Relationships • Finding Love
Why Do Some People Have Such Trouble Being Single?
We might posit the existence of two very different kinds of single people: what we could call the cheerfully single on the one hand, and the catastrophically single on the other. The contrast raises a central question: how do we live with being single?

The first kind might last have been in a relationship five years ago, or perhaps six or seven; they aren’t really counting at this stage. They hope they might find someone one day, but if they don’t, they can tolerate their own company, possibly till the very end. They have good friends, they go travelling, they pursue their hobbies. In the evening, they make themselves a nourishing dinner for one and sit on their own in the living room, absorbed in an article about ants or a film from Iran. They are keeping half an eye out for a partner. They are on an app or two. But sometimes a week goes by without them checking, and they’re pretty discerning when they assess candidates. Most people aren’t going to be right for them. They’ll only allow someone into their lives if they’re utterly convinced: the person has to be very attractive to them, kind and on their wavelength. There is simply no point otherwise. Most won’t be, and that’s fine; it’s just the way of the world.
Contrast this with the catastrophically single. They have been in a state of mania ever since they got out of their last relationship on February 10th (or whatever date is engraved on their battered hearts). However old they happen to be, it’s always about to be far too late: they’re on the verge of hitting 30 or 56 or 74 – and then it will all be over. They’ll be relegated to the lowest circle of hell reserved for the lepers of solitude. In their desperation, they put themselves on every available app. They check them every hour – in fact, every minute. They set up date after date, two or three a day on some weekends. They’re not paying attention so much to the quality (a friend could quickly tell them that the candidates were obviously wrong); the key thing is to stay busy at all times.

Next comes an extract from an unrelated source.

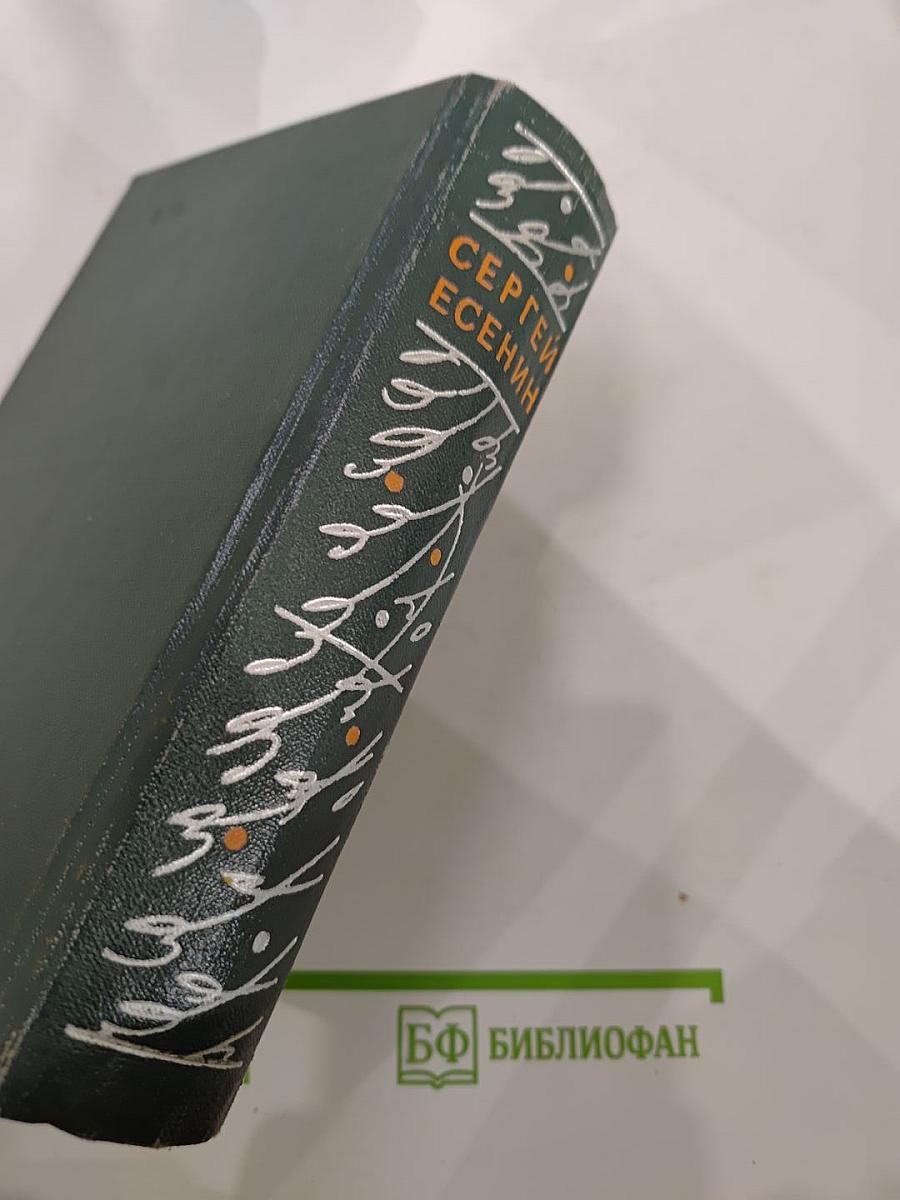 Словесных рек кипение и шорох: Стихи и поэмы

What Explains the Difference?
What could explain such radical differences? Why are some members of the species one way, and others another? The difference has everything to do with what singlehood means in the eyes of each category.
For the cheerfully single, it means nothing more or less than that the right person hasn’t shown up yet – and may never. Crucially, it doesn’t say anything whatsoever about them. It doesn’t indicate that they are awful, corrupt, ugly, stupid, weak or mean. It doesn’t affect their fundamental right to exist, their dignity or their basic goodness. It just means – plain and simple – that the right person isn’t there.
Whereas for the catastrophically single, aloneness is fraught with the most appalling associations. It’s a reminder of what they deeply know, fear and are in constant flight from: that they are dreadful people. That there is something venal and disgusting about them. That no one wants them. That there’s a hideous truth lurking in them. That everyone is either laughing at or pitying them.
From these two views of themselves, two enormous consequences follow. The cheerfully single will be just that: cheerful and at peace. The catastrophically single will be tormented every hour. In extremis, after too many dates and aborted relationships, they may want to kill themselves, because being alone and unchosen confirms that they don’t have the right to be.
What on earth could explain these two ways of seeing matters? As always, it’s childhood. The way we perceive ourselves now is a legacy of how we were perceived in the early years.
How We Live with Being Single
How we assess ourselves as single people is a bellwether of our emotional wherewithal. Some of us, the ones who need to be in a relationship right now, were severely neglected as children or overlooked for a sibling. We were never good enough and now hate our own shadows. Whereas the other kind have been given a lifetime of protection, because they appealed very much to the people who put them on the earth. So now, it doesn’t matter if they don’t have a partner (that’s someone else’s loss), if they’ve been on their own a decade, and are eating dinner by themselves again tonight. They’re gorgeous, and they sort of know it (without arrogance or pride).
This is privilege, this is luxury, this is what we should all want for ourselves. One of the greatest indications of good parenting is that your child never feels ashamed not to be in a relationship. Ultimately, how we live with being single is one of the clearest tests of whether we were given enough love to endure life’s inevitable stretches of solitude.